Amerotke señaló el cruel agujero de contorno irregular que tenía el cráneo en la parte trasera. Se limpió las manos y se puso en pie.

—El Hombre Cocodrilo no mentía: Weni mató y volvió a matar. —Se alejó para sentarse en un plinto de piedra—. ¿Qué tenemos aquí, Shufoy?

—No lo sé —respondió distraído, con la mirada clavada en el esqueleto—. Por cierto, amo: ¿dónde está el manuscrito de Sinuhé?

—Se lo he confiado a Asural. Lo devolverá a palacio. ¿Qué ocurre?

El enano se había puesto a cavar, semejante, a los ojos del juez, a un animalito que removiese el suelo del jardín.

—Mira —advirtió tendiéndole un grueso brazalete de cobre.

—¡Vaya!

Amerotke se levantó, lo tomó y leyó en voz alta el jeroglífico grabado en el borde.

—Así que el nombre de la víctima era Hordeth… —exclamó el hombrecillo—. He oído hablar de él.

—Yo también —precisó Amerotke sin dejar de dar vueltas y vueltas al brazalete—. Era heraldo mayor de la Casa de los Enviados. Desapareció hace unos cuatro años.

Shufoy, que seguía cavando, encontró un trozo de papiro. Le quitó el polvo de un soplido y observó la tinta roja casi borrada. No le costó reconocer el maleficio:

Que los demonios actúen en tu contra,

por siempre jamás, por toda la eternidad.

Que nunca sea buena tu vista, ni tampoco tu oído.

Que tu alma desequilibre

la balanza de Anubis;

que pese tanto como una piedra.

Que los devoradores desgarren tu espíritu

y nunca veas la luz eterna de Ra.

Se lo tendió al magistrado.

—Sospecho que lo escribió Weni, a modo de venganza…
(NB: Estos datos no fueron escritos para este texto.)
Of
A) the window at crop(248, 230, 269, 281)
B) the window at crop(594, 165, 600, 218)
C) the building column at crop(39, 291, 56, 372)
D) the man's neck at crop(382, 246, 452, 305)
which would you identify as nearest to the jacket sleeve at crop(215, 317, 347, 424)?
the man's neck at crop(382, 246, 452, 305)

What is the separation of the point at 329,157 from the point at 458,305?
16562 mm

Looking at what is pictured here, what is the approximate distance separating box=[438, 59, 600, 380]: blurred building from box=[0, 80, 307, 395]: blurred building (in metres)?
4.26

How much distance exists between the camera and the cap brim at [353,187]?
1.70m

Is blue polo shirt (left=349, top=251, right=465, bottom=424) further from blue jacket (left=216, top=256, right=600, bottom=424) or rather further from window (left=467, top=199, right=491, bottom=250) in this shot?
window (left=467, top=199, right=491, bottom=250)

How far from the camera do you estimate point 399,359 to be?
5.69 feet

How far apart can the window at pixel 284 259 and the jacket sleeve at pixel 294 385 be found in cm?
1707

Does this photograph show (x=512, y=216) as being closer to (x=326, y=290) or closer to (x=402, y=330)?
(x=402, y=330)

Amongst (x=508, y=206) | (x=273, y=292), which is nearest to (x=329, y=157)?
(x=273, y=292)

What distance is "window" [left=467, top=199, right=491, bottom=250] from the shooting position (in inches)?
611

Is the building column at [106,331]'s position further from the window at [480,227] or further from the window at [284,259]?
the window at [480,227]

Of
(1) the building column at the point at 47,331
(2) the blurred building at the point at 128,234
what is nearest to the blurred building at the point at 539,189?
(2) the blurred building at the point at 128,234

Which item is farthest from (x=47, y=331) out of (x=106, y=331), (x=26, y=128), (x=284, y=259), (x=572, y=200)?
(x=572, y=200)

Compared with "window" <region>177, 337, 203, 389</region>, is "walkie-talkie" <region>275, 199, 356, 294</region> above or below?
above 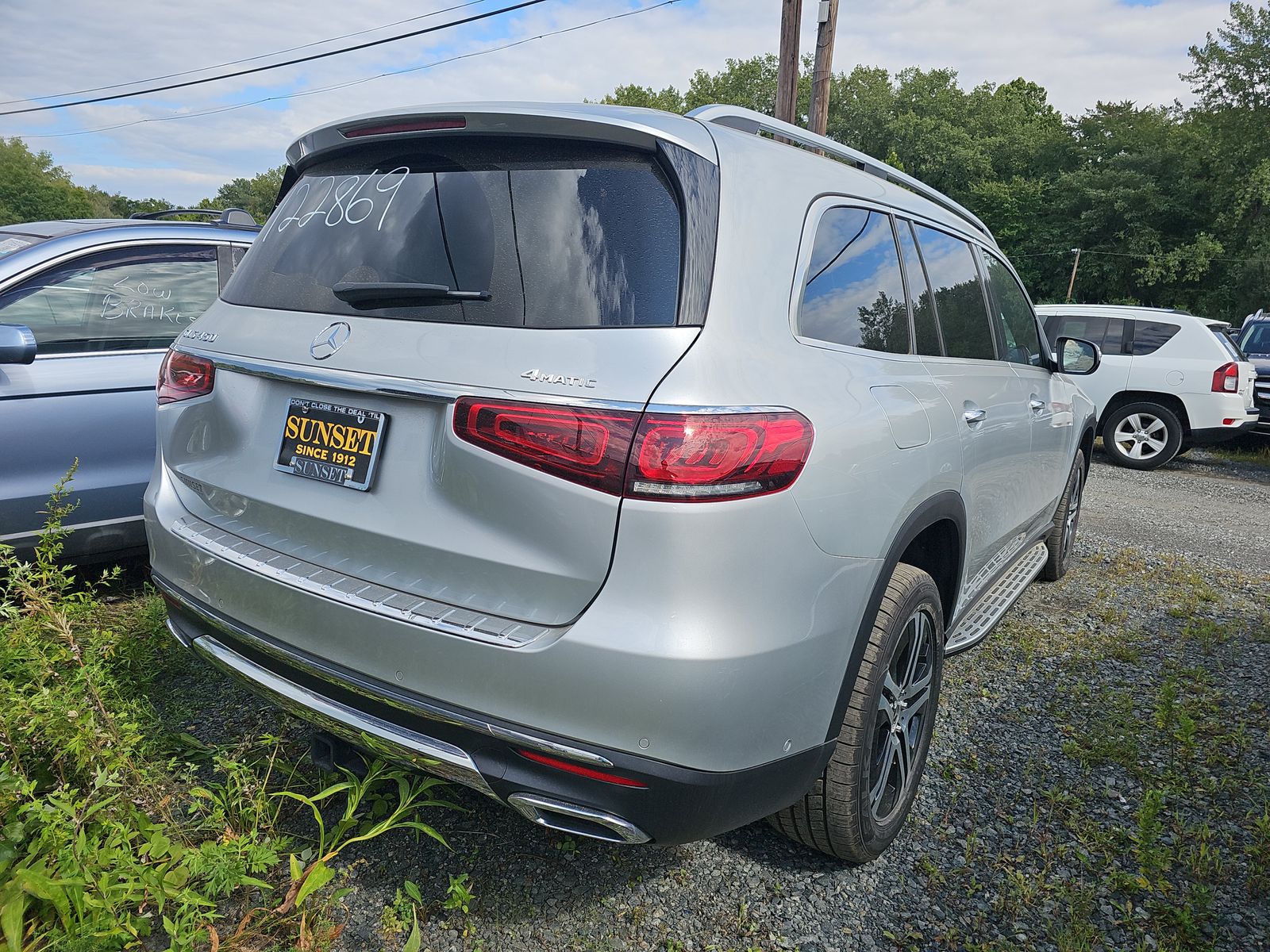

Amerotke se volvió al oír ruido de ruedas y relinchos de caballo. El enano empuñó su daga y echó a correr.

En el camino que separaba el templo de la ribera, pudieron ver un carro de mimbre y bronce. Los dos caballos que tiraban de él eran corceles blancos como el almizcle de los establos reales. Shufoy dejó escapar una exclamación de sorpresa al ver a Mareb desmontar y dirigirse hacia ellos. Se había acicalado e iba ataviado con vestiduras limpias: tenía el cabello ungido y llevaba puesta una túnica blanca ceñida al talle por un cinturón trenzado de oro.

—¡Da gloria verte! —señaló sonriente el hombrecillo.

Mareb examinó el templo con la mirada.

—Asural me ha dicho que estaríais aquí. La divina Hatasu me manda llamaros.

—¿Qué sucede? —Amerotke fue a su encuentro con el brazalete y el papiro aún en las manos.

Mareb le tendió el sello real para que lo besase.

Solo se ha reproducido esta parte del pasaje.